The Messed-Up History Of Ornamental Hermits

So have you ever wondered what it would be like to own your own personal hermit? You know, those guys who shun society in huts in woods and grow Gandalfish beards while struggling to maintain a baseline of decent hygiene? Maybe clothe him in druidic regalia and say, "dance for me, puppet!" before tossing him a bread butt in front of guests? Yeah, that would totally make the neighbors take notice in a very positive, status-uplifting way.

But wait, this is all true? More or less, yes. In the days before plastic garden gnomes and gaudy suburban Christmas lights contests there was the "ornamental hermit," as Atlas Obscura explains. The trend came into fashion in Georgian England in the 18th century and spread around Europe, particularly Germany. When guests came over to someone's house, the more outré of the day had their hermits silently pose on the lawn dressed in some kind of druidic cosplay, or serve beverages and recite poetry, or engage in "light agricultural work," as Vintage News describes. Others were kept in nearby hermitages, and guests were instructed on how to interact with them, "You pull a bell, and gain admittance. The hermit is generally in a sitting posture, with a table before him, on which is a skull, the emblem of mortality, an hour-glass, a book and a pair of spectacles. The venerable bare-footed Father ... always rises up at the approach of strangers."

The clincher, though? These were just people hired to do a job. 

Currently accepting resumes for professional hermits

Yes, these were not real hermits, but performance artists Venn-diagrammed between geriatric relative, actor, and alternative career seekers. There were contracts, rules, and stipulations. One aristocrat, Charles Hamilton, laid out a very precise contract: "(A hermit must) continue on the Hermitage seven years, where he shall be provided with a Bible, optical glasses, a mat for his feet, a hassock for his pillow, an hourglass for timepiece, water for his beverage, and food from the house. He must wear a camlet robe, and never, under any circumstances, must he cut his hair, beard, or nails, stray beyond the limits of Mr. Hamilton's grounds, or exchange one word with the servant."

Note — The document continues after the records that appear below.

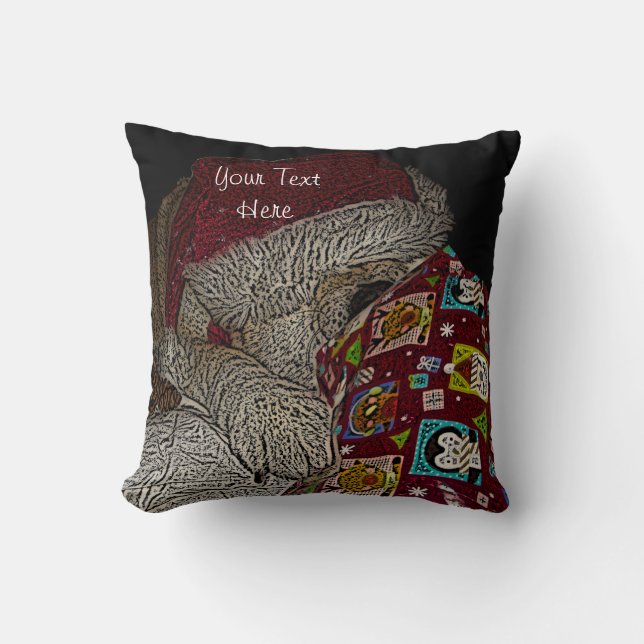 Almofada fotografia engraçada de um cachorro fofo vestido p (Frente)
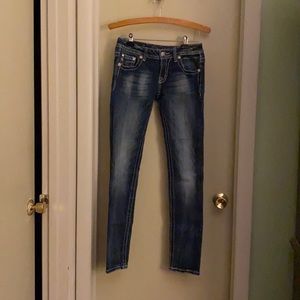 LADIES MISS ME BLUE DENIM SKINNY JEANS -SIZE 27X32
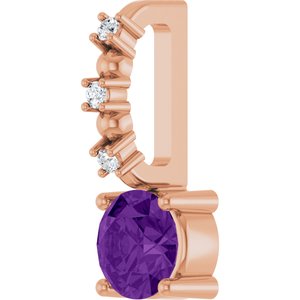 Imitation Amethyst & .01 CTW Natural Diamond Charm/Pendant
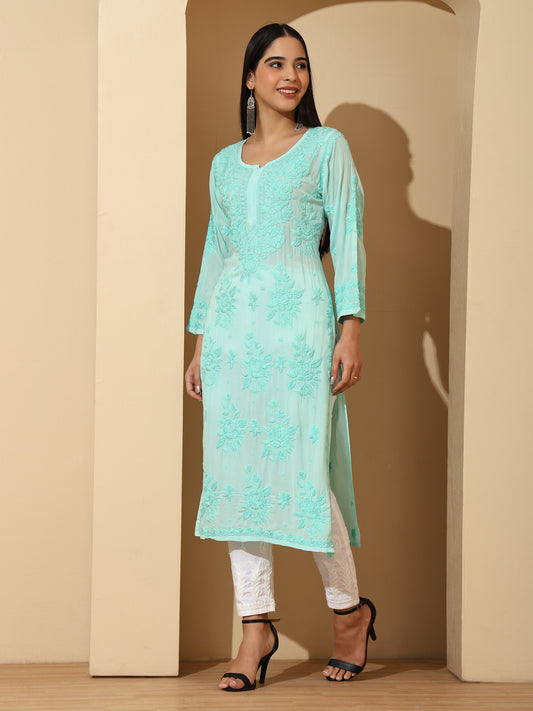 Sea Green Modal Lucknowi Chikankari Kurti for Women with 3D Hand Embroidery – Long Ethnic Kurta
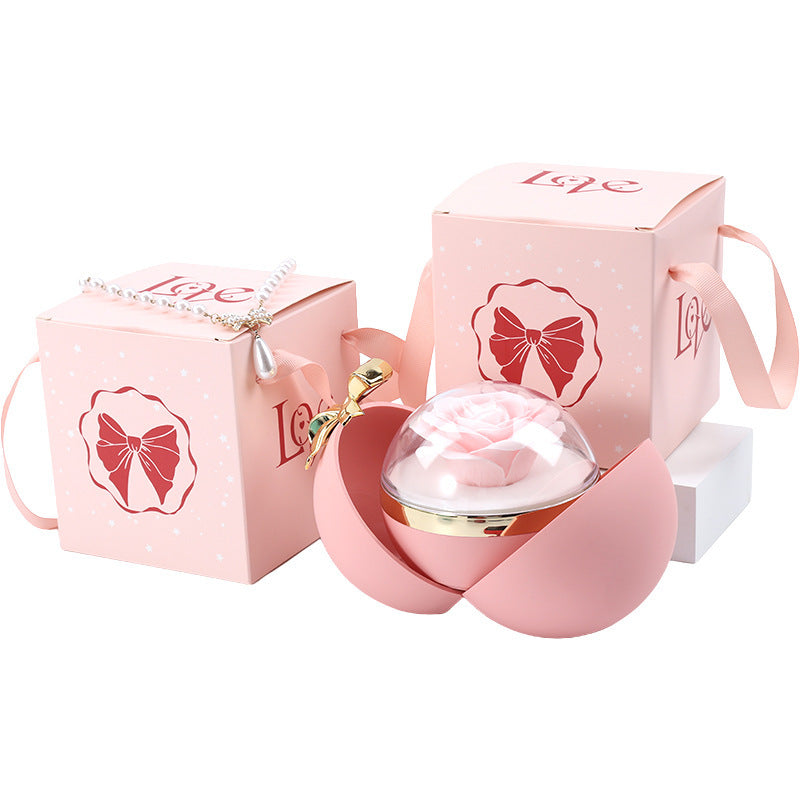 Spherical Bowknot Magnetic Necklace Jewelry Box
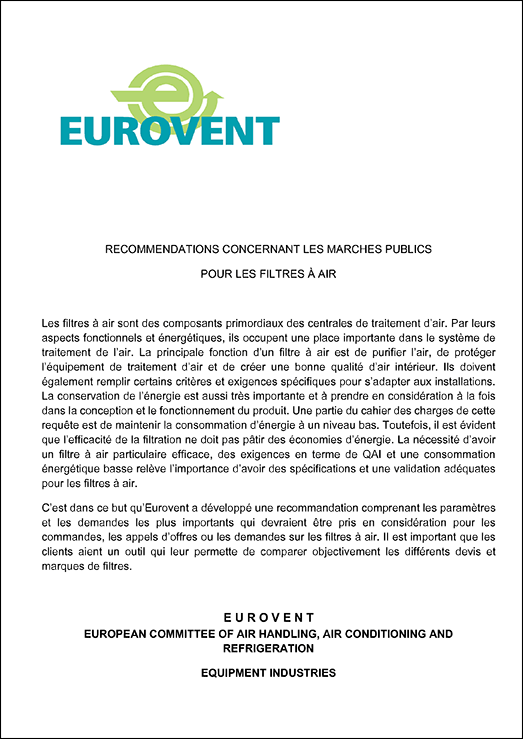 Eurovent 4/19: Recommendations concernant les marches publics Pour les filtres à air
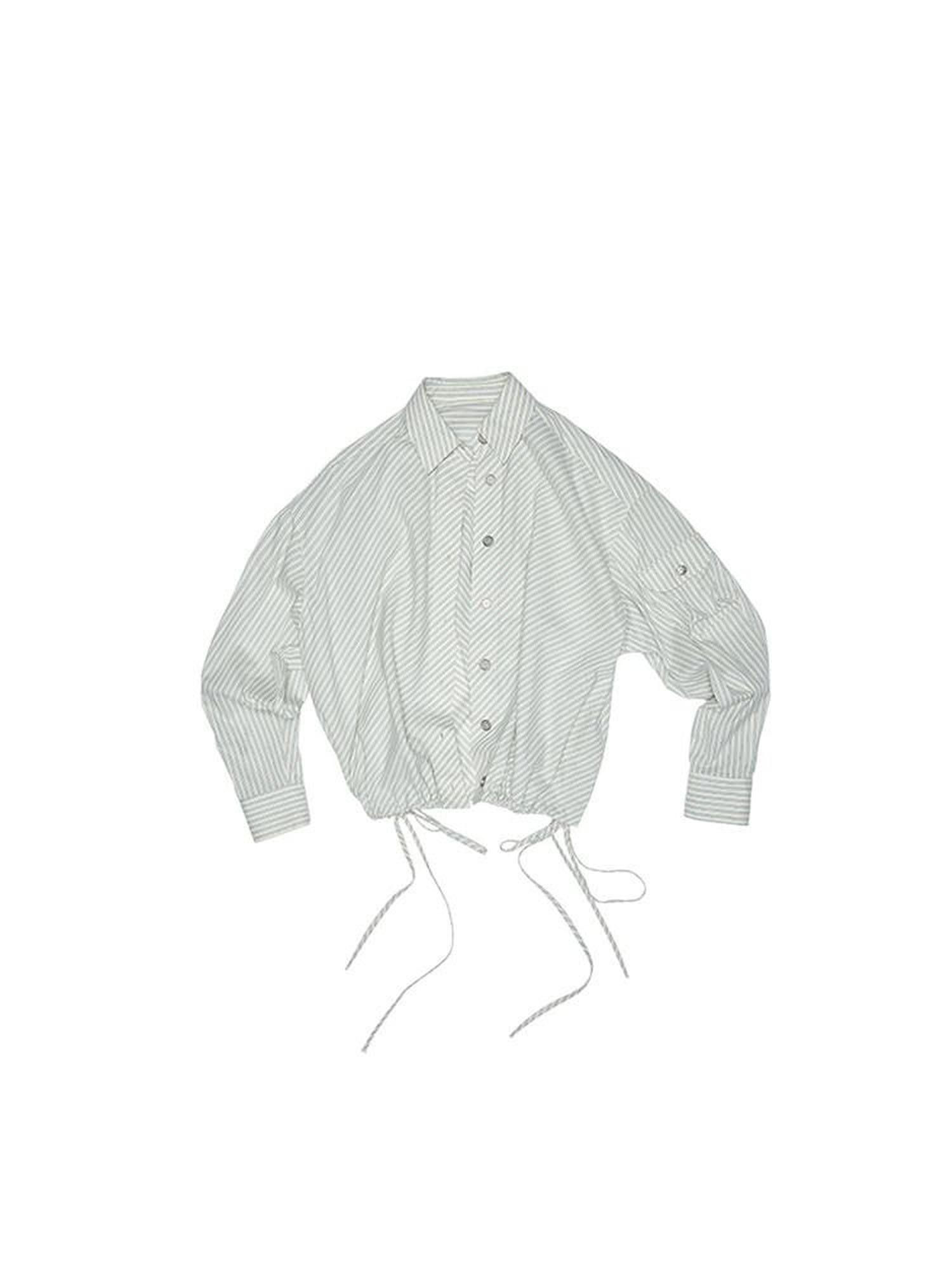1JINN STUDIO Relaxed Asymmetrical Striped Bud Hem Women&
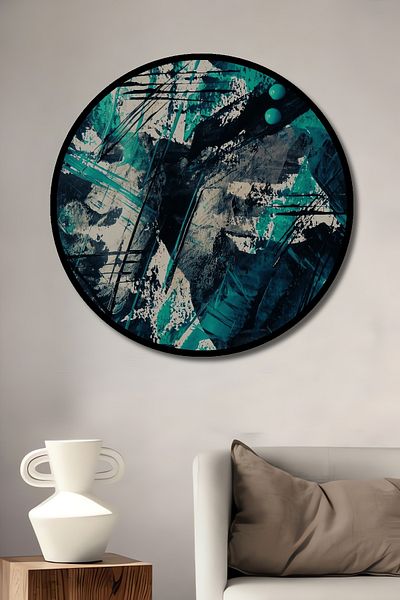 Teona Ahşap Artă abstractă modernă decorativă din lemn MDF rotund pentru pictură murală acasă, la locul de muncă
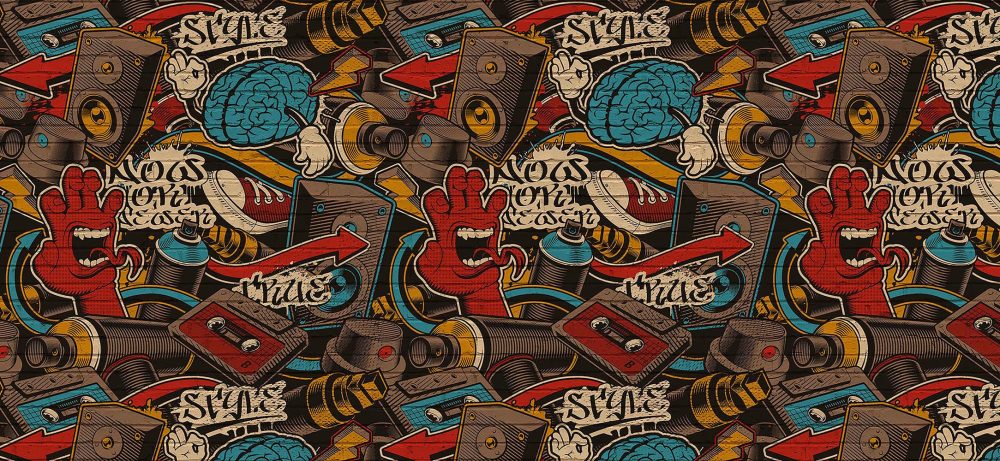 Retro Rood Graffiti Behang
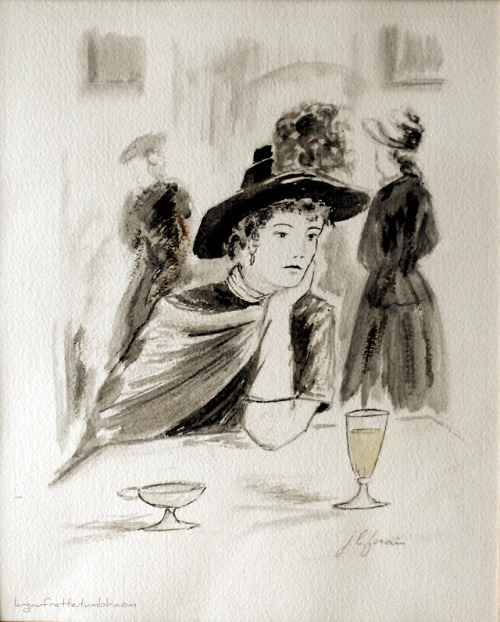 la-gaufrette:L’absinthe -Lavis rehaussé de fusain de Jean-Louis Forain (1852-1931) (ami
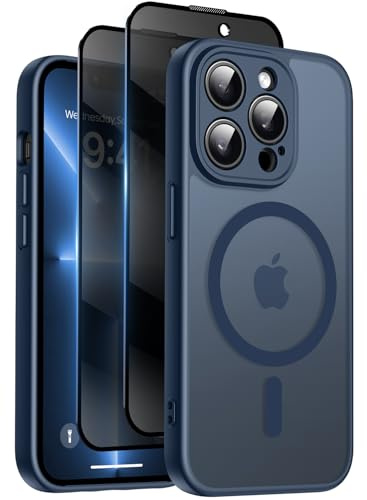 Qasyfanc for iPhone 13 Pro Case, Privacy Screen Protectors X2, Blue | Compatible with MagSafe, Camera Protection, 15FT Military Drop Protection, Translucent Matte Shockproof Phone Cover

Any break in the contract — such as when one of Hamilton's hermits snuck into town to have a beer — and there was no pay. Pay, of course, came at the end of a contract, and was, as Mental Floss tells us, about £700 ($77,000 currently). Hamilton, by the way, incentivized would-be hermits with ads for his woodland wonderland, which contained a "lake, grottoes, Chinese bridge, temple." Hermitages (the residences themselves) could be "underground chambers, caves, grottoes, or cabins, equipped with different props which would add to their authenticity."

And funny enough, ornamental hermit wasn't even a reviled profession. As Hermitary describes, Captain Philip Thicknesse, who switched careers late in life, said of the job, "I have obtained that which every man aims at but few acquire; solitude and retirement."

Hermetic holy men turned cultural curiosities

The ornamental hermit didn't come from nowhere, strange as it may seem. In his 1924 book, discussed on Hermitary, Charles P. Weaver talks about the history of hermits as sagely, solitary figures like John the Baptist, who devoted their lives to study or God, all the way back to the Roman Emperor Hadrian (76-138 CE), who build a one-person "retreat" at his villa. After King Henry VIII (1491-1547 CE) cracked down on "monasteries, monks, nuns, and hermits," writers and poets tried to fill "a void in English culture and imagination" by writing fiction about hermits.

This carried on until the English poet William Wordsworth (1770-1850 CE) re-codified hermits as pastoral, venerable figures. Before then, "ornamental hermits" effectively rose to fill a gap in the presence (or absence) of actual hermits. Hermits had become curiosities, and members of the public wanted to see what a hermit actually was, so to speak. Hence the rise of a questionable career option.

Without the writings of Edith Sitwell (English Eccentrics in 1933), we might not even know about the strange, relatively short-lived phenomenon, as Hermitary states. She discusses some of the more famous hermits, including the editor of 1830's Blackwood Magazine, who had been "for fourteen years hermit to Lord Hill's father, and sat in a cave in that worthy baronet's grounds with an hour-glass in his hand, and a beard belonging to an old goat, from sunrise to sunset."